The point about the ability to estimate user behaviour and business KPI impact is what I’m going to expound on in greater detail here. This is precisely the reason why mobile o11y can be so transformative.

Since my experience with o11y in the large distributed system context is non-existent limited, I’m not going to claim that it’s a necessary part of a system being observable. After all, the focus for backend o11y is understanding the internals of a complex system, so if the slicing and dicing can tell you why parts of it is breaking down for non-obvious reasons, that’s a job well done and worth of being called o11y.

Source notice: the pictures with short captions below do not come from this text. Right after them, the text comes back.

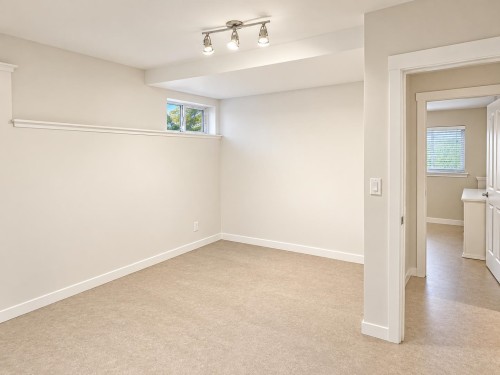 2902 Paul Lake Court, Coquitlam, BC 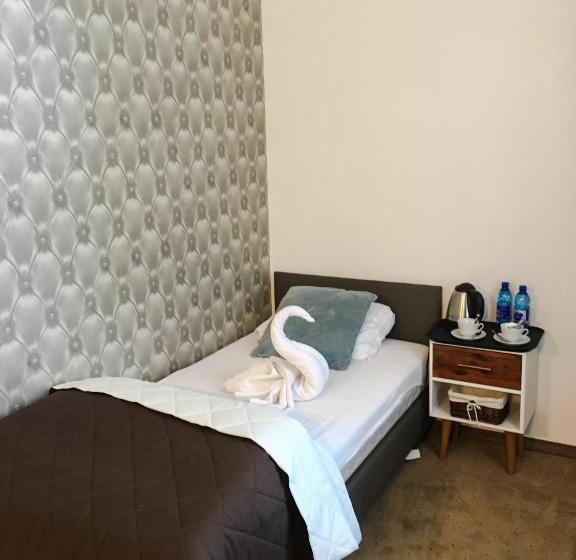 Номер Стандарт Индивидуальный, Kamil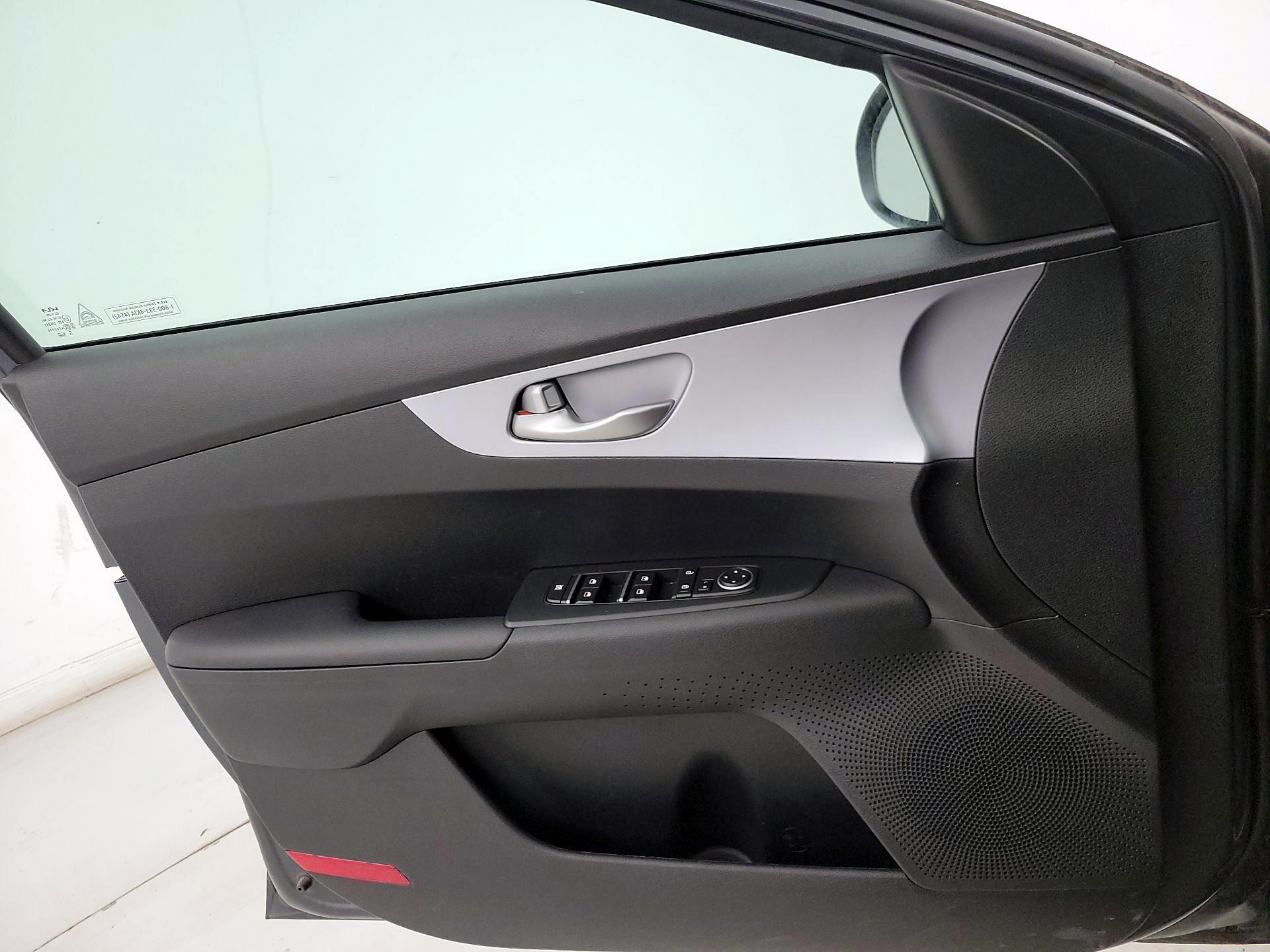 Thumbnail: 2024 Kia Forte - 12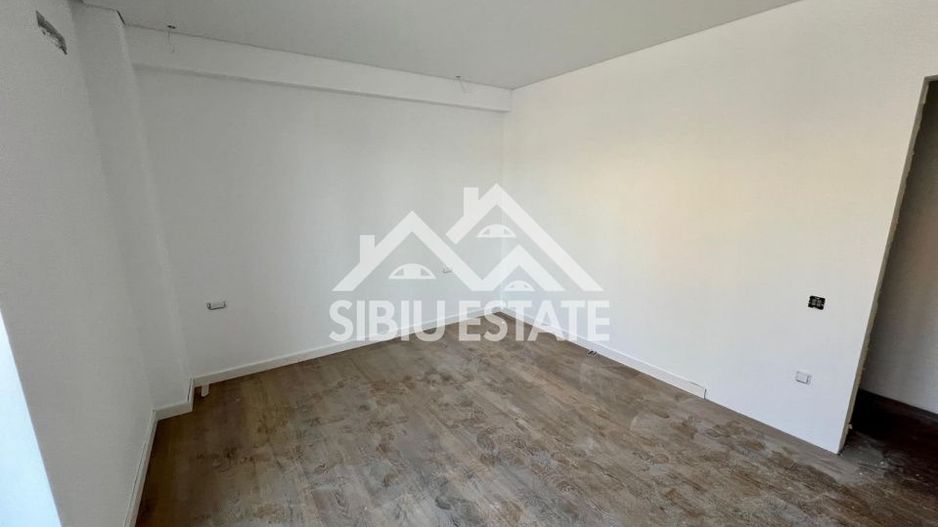 Apartament Sibiu central 3 camere, 2 bai Imobil Top lift garaj - Poză 7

Why? Because that understanding will allow you to take action to remedy any problems you can see or anticipate. It does what it says on the box: through it, you can learn about your system and solve problems using the just the data you collect.

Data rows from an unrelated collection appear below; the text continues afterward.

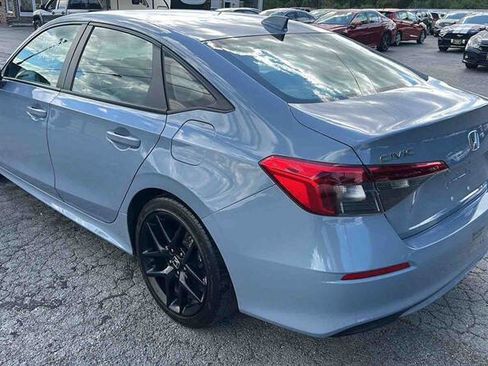 Used 2023 Honda Civic Sport image 7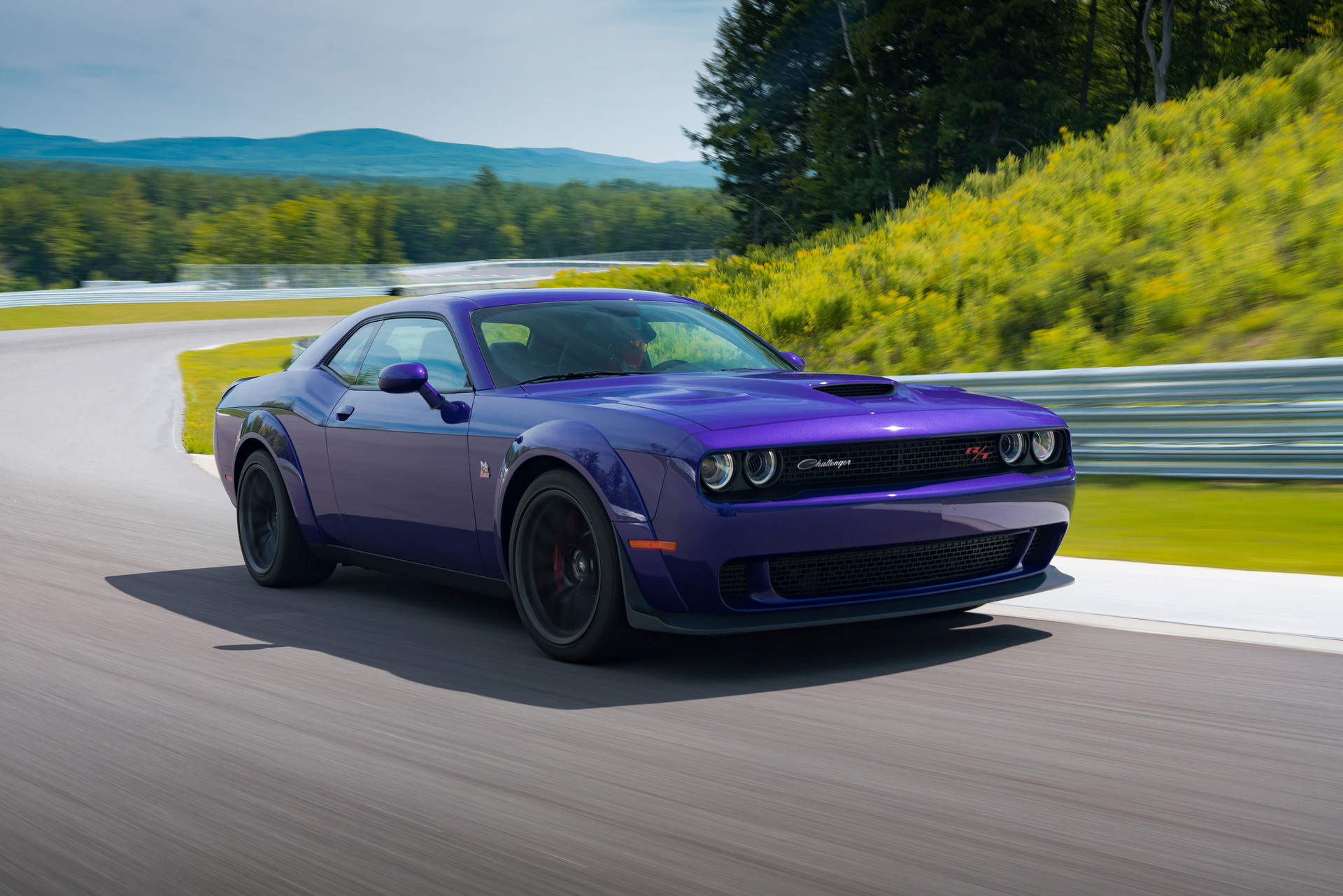 dodge challenger retro cars sales 15 Dodge Challenger Soldiers On As Retro-Styled Cars Are Still In Demand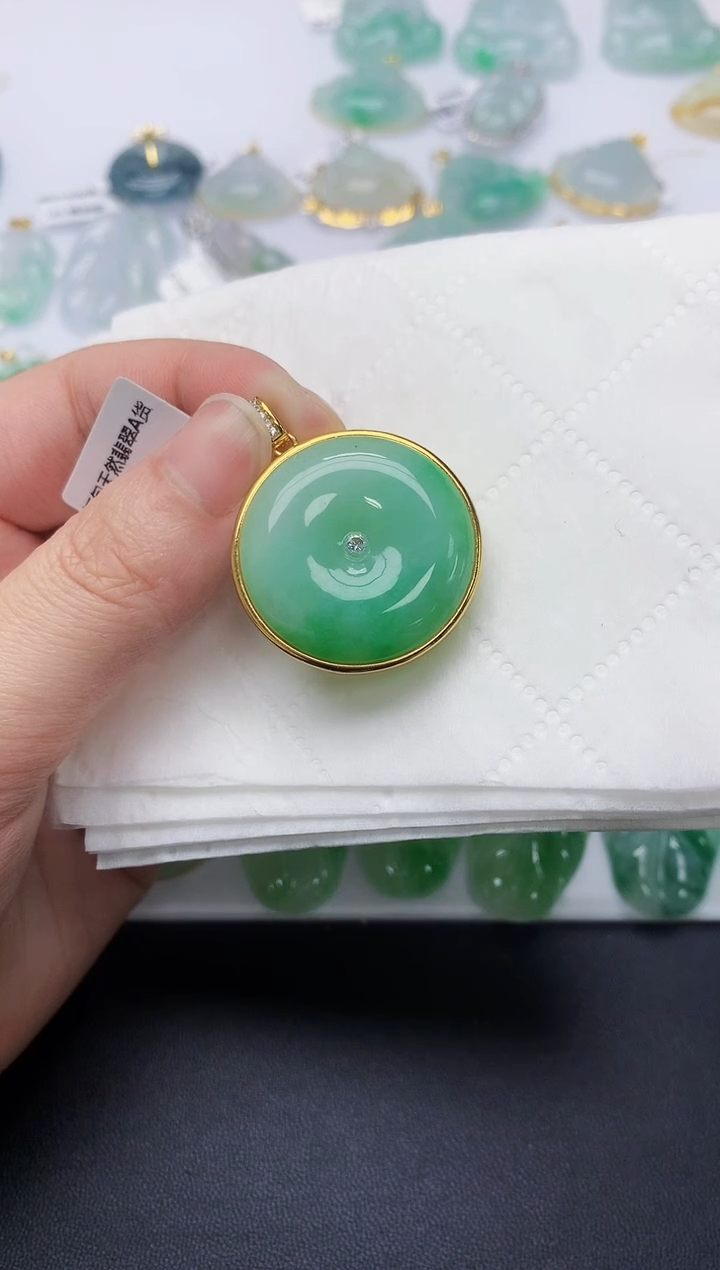 颈饰银S925镀金镶嵌翡翠天然A货
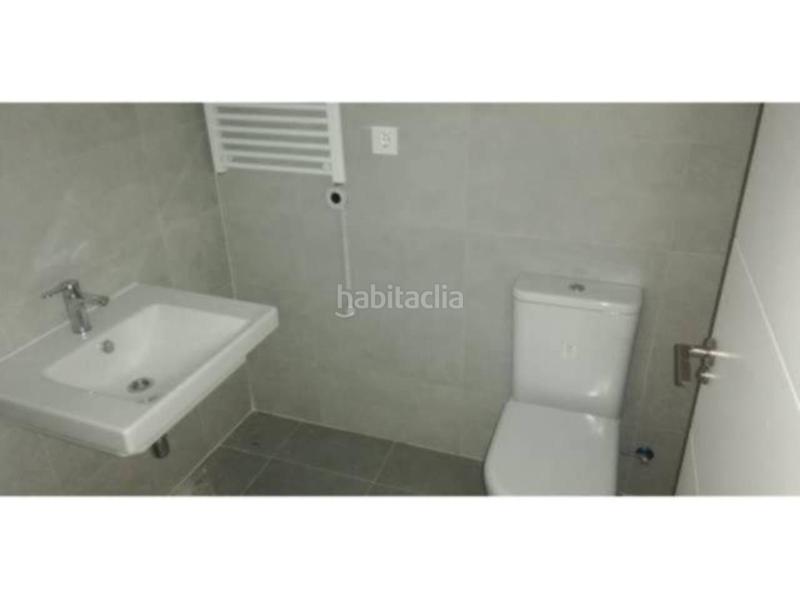 Foto c32396e0-914a-4034-9d1c-db181deb4655. Rent flat with parking pool in Malilla Valencia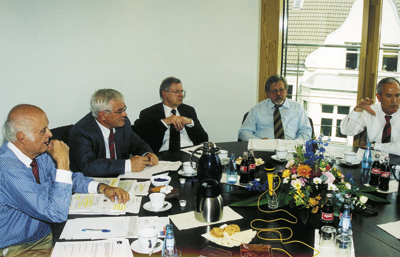 Die "Düsseldorfer Runde" und ihre Teilnehmer: v.l. Dr. Hans-Georg Geißdörfer, Friedhelm Holtsträter, Dr. Hermann-Heinrich Schulte, Prof. Dr.-Ing. Helmut Burger, Karl-Heinz Peikert, Hartmut Dalheimer, Klaus Wenker, Günther Klauke und Günter Runte.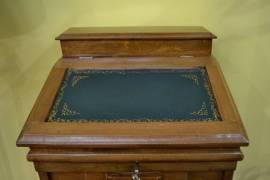 Schedario- classificatore con piano di scrittura in ecopelle verde stile inglese Schedario- classificatore con piano di scrittura in ecopelle verde stile inglese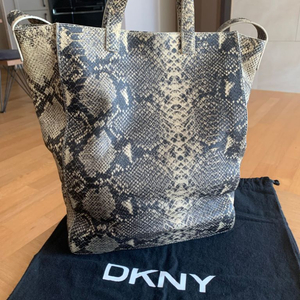 DKNY 가방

But on mobile, the app you are observing isn’t a big-ass, complex system: it’s a bunch of little instances running on heterogenous devices of unpredictable proportions under vastly different environments. Aggregates of lower-level metrics like heap size on foreground or even p75 of app startup would, at best, only tell what is happening in the app; it doesn’t tell you how the varying levels are impacting your users and their usage of your app. I mean, knowing the percentage of users who experienced a crash in the last 24 hours tells you what, exactly, other that the literal thing it’s tracking?

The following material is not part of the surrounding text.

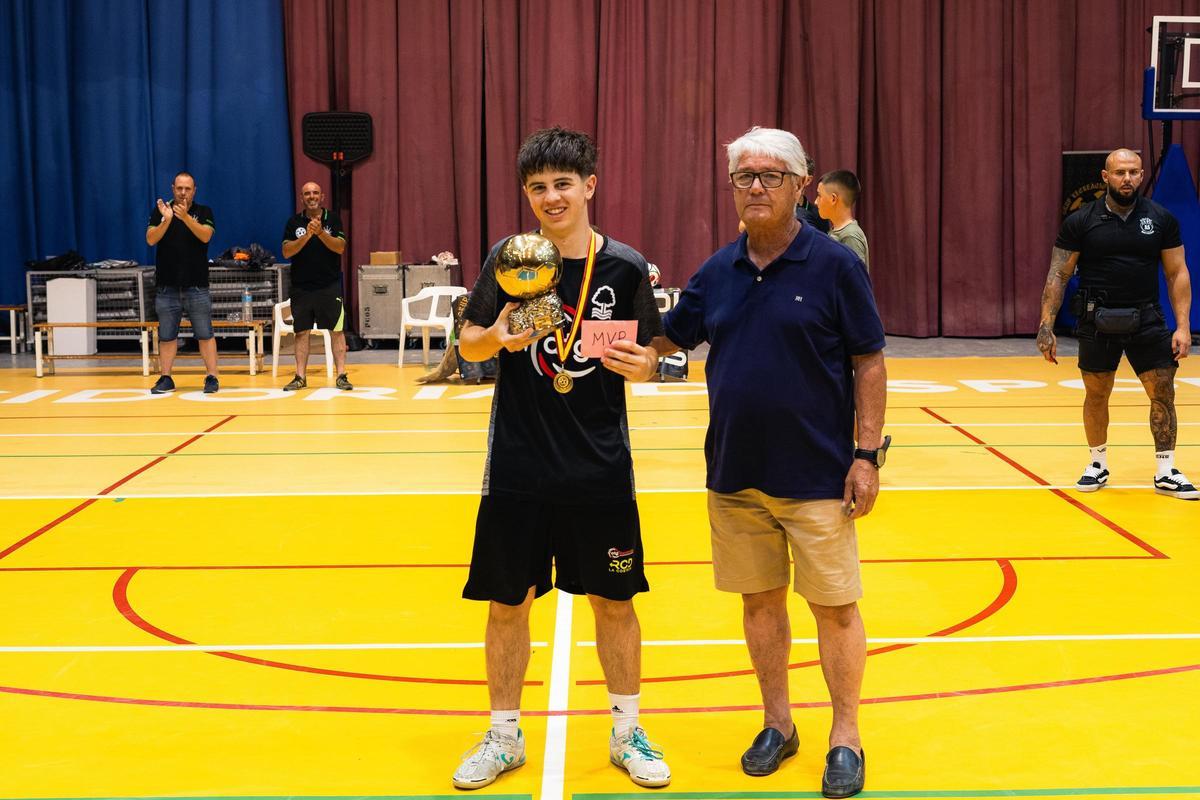 Entrega del trofeo al mejor jugador del torneo de fútbol sala cadete de Canals.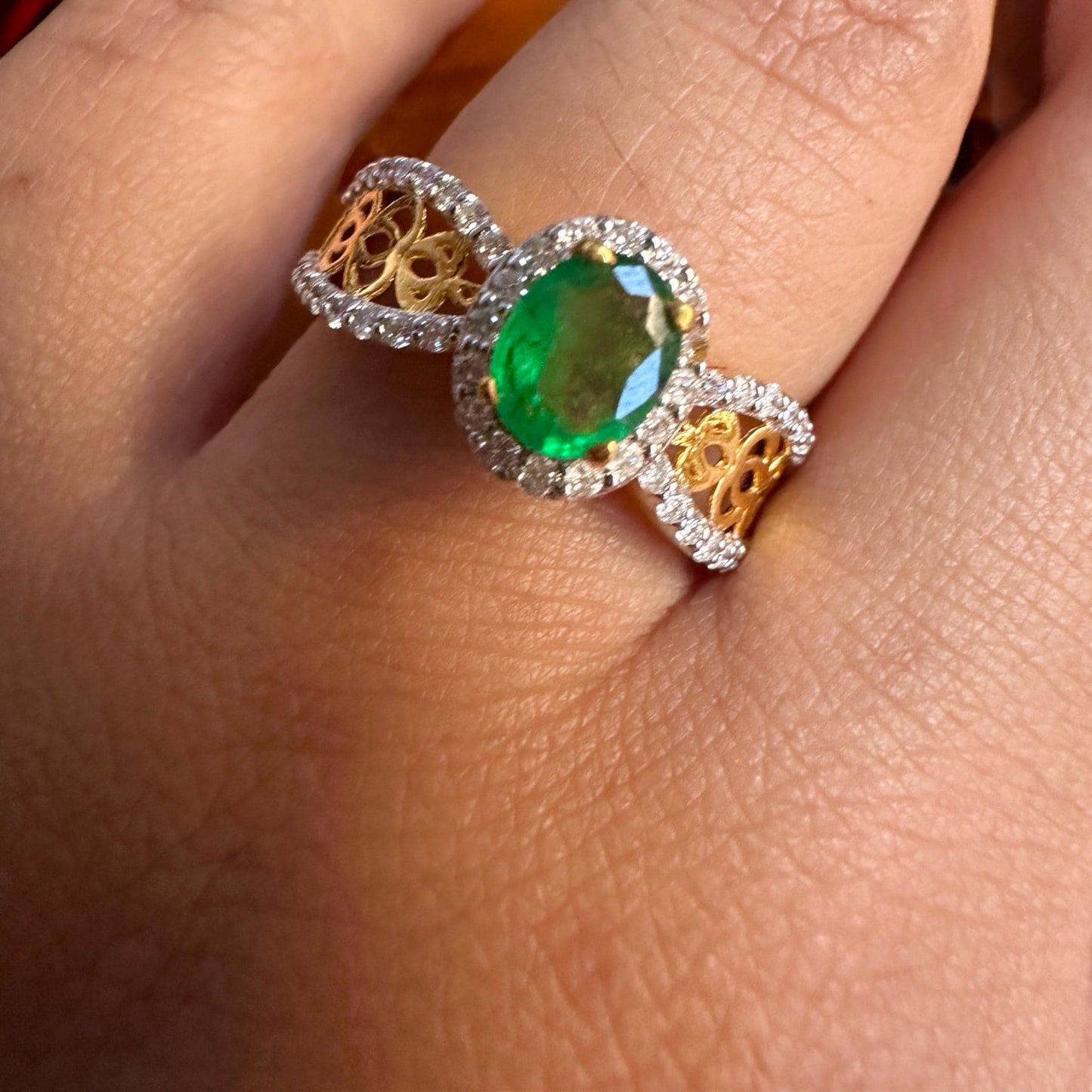 Crystal-clear, high-quality Natural Emerald and Natural Diamonds Ring in 20K Solid Gold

No, the target of observation for observable mobile apps isn’t the just the app itself: it’s the users too. Every individual person trying to order food on your app but also the entire population in aggregate. How your users are using your app and how perf issues impact that usage is what you want to understand, so you need to collect both. What’s more, data and metadata that don’t give you an indication of user experience, perf dimensions that affect it, or factors that explain the two, why are you collecting that stuff at all?

If your telemetry doesn’t tell you if your users are able to load a page or order their Pad Thai, or explain directly why they aren’t getting the value they expect to get from your app, it’s little more than trivia,

I’m not saying understanding the inner workings of a mobile app through production telemetry isn’t useful. You can find regressions or exemplars of hard to reproduce bugs using aggregate metrics and session replay timelines, respectively. Getting some slice and dicing in there can even reveal or explain hard to isolate cohorts that face unique perf challenges due to unexpected factors. All that is extremely useful and nothing to sneeze at.

But we can do so much more on mobile because not only do we have the ability to understand how the app is working — we have direct access to individual users and their actions, so we are able to find relationships between the former and the latter. Correlation at the very least, but causation too if you play your cards right with A/B testing.

We can measure the rate of abandonment for page loads and see the correlation between it and the time it takes for that page to load. Already built into this is user expectation of perf, not in aggregate like some arbitrary line we draw above which perf is unacceptable. No, the individual perf expectations are built in by virtue of whether users stayed long enough to allow the workflow the complete. Success rate is magical like that.

So that’s why I set a higher standard for mobile observability. Here, I think it’s imperative that we be user-centric in the o11y practice. Lets observe not only the app, but the users as well, so we can explain user behaviour changes through performance. We’d be letting ourselves down if we didn’t do that.